The known way to do it is to use the pulse-secure GUI, which before wasn't necessary, which starts a web interface to provide the company email and password, and then to provide an OTP thorugh a yubikey OTP or through a MFA SW. I decided to use a yubikey OTP (funny though, I moved from one form of OTP to another). But I don't like using the GUI, starting from the fact that I need a graphical environment to use it, and with no proxy set, as opposed to before, where I 1st connected using a plain tty, and only after gaining connection I would start the graphical environment. Also it makes me install the GUI dependencies which I don't like either. And what's worse, there's a way to avoid having to launch the web interface, by using what in the company is called a class B digital badge, which is a personal certificate, but in order to use it, I need to install and use gnome-keyring, which I don't want, and I guess the need is to prevent storing plain text passwords, but there's no need for gnome-keyring at all, since the password can be asked any time one tries to connect...
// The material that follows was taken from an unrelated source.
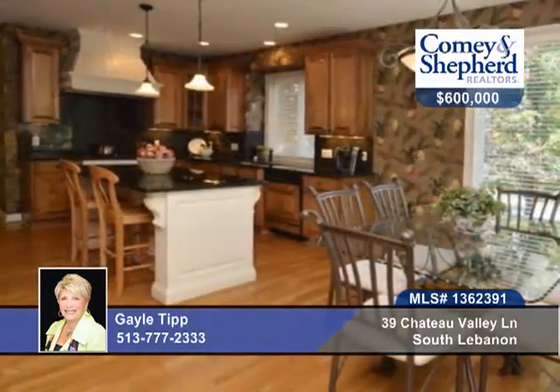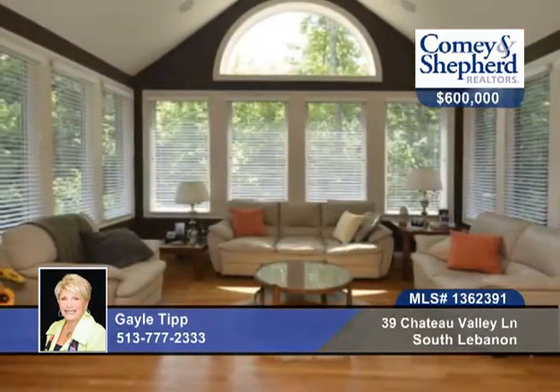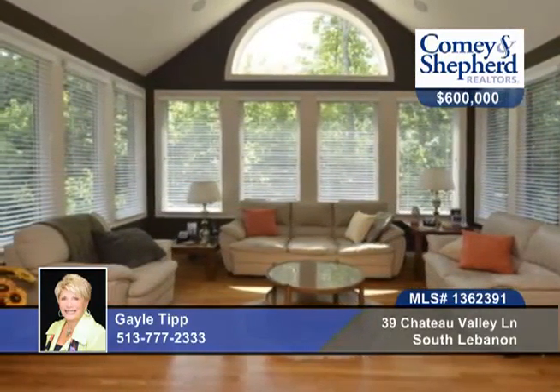A great room with a wall of windows, a wonderful kitchen with granite countertops, a sunroom with a walkout to a private deck, a finished walkout lower level with a media area, bar and billiards area, and so much more.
At any rate, I do have my class B digital badge, and I know its password, so I guess there must be a way to use pulse-secure to use it adn do the MFA withough the need for GUI. Any hints?
The way I used pulse-secure in the past was:
pulsesvc -h ${GATEWAY} -u ${USER} -p ${OATH_PASS} -r "OATH Passcode"
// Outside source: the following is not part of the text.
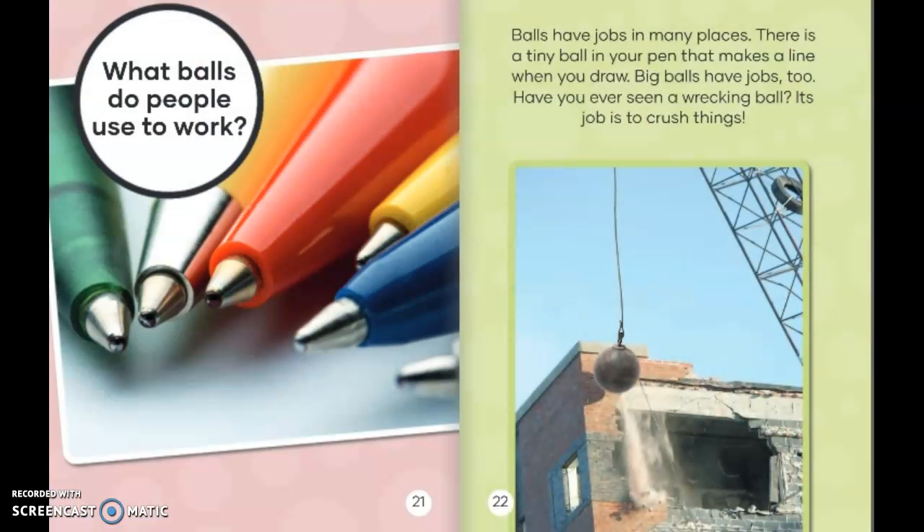What balls do people use to work? Balls have jobs in many places. There is a tiny ball in your pen that makes a line when you draw. Big balls have jobs, too. Have you ever seen a wrecking ball? Its job is to crush things.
Where OATH_PASS was a combination of the OTH device pin plus its generated OTP.
Unfortunately the help doesn't give any hint of the posibility of using any sort of sertificates:
% pulsesvc --help
Usage examples:
pulsesvc -h host -u user -p passwd -r realm [-L log_level] [-g] [-U sign_in_url] [-y proxy] [-z proxy_port] [-s proxy_user] [-a proxy_password] [-d proxy_domain] [-I]
pulsesvc -v
pulsesvc -K
pulsesvc -H
Signin Options:
-h, -host: IVE hostname or IP
-u, -username: Username
-p, -password: User Password
-r, -realm: IVE signin realm
-P, -Port: Service Port
-U, -Url: IVE realm Signin URL
Proxy Options:
-y, -proxy: Proxy server hostname or IP
-z, -proxy-port: Proxy server port number
-s, -proxy-user: Proxy server username
-a, -proxy-pass: Proxy server password
-d, -proxy-domain: Proxy server domain
-I, -proxy-interactpassroxy server interactive password mode
Logging Options:
-L, -log-level: Logging level
0 : Log Critical messages only
1 : Log Critital and Error messages
2 : Log Critital, Error and Warning messages
3 : Log Critital, Error, Warning and Info messages (default)
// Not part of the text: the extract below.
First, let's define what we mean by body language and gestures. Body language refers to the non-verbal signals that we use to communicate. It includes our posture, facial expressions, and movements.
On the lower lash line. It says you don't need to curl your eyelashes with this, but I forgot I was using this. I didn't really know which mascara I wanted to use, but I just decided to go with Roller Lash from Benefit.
4 : Log All Verbose messages
5 : Log All messages
Miscellaneous Options:
-v, -version: Print version information and quit
-g, -upload-log: Zip and upload logs to host
-K, -Kill: Kill all running ncsvc services
-H, -help: print usage information
If anyone is aware and can share on how to use the command line for this sort of MFA with pulse-secure, it'll be really appreciated.
If not possible, how to make the devs aware of this use case need?
Unfortunately I'm just a gnu/linux user from a vast majority of ms-windows users. I'm like no one to pay attention to by the company's IT team. So sad there's no way one can get feature requests visible to people that can take action.